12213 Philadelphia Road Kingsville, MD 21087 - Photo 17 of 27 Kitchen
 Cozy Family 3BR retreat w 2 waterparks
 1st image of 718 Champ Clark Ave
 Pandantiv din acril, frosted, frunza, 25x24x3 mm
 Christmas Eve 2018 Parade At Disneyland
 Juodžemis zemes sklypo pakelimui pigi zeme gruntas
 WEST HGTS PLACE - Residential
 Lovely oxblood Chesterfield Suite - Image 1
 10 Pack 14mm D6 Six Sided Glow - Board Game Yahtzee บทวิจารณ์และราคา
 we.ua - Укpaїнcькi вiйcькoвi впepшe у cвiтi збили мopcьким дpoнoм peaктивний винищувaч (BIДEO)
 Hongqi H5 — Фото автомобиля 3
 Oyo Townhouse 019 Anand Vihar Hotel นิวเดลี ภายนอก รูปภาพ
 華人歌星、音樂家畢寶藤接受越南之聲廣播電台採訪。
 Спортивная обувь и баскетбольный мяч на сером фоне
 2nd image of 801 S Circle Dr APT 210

____________

** What is expected **
From the line containing "Hongqi H5 — Фото автомобиля 3" down to the final line of the records above, copy everything exactly and include nothing else.

** The completed task **
 Hongqi H5 — Фото автомобиля 3
 Oyo Townhouse 019 Anand Vihar Hotel นิวเดลี ภายนอก รูปภาพ
 華人歌星、音樂家畢寶藤接受越南之聲廣播電台採訪。
 Спортивная обувь и баскетбольный мяч на сером фоне
 2nd image of 801 S Circle Dr APT 210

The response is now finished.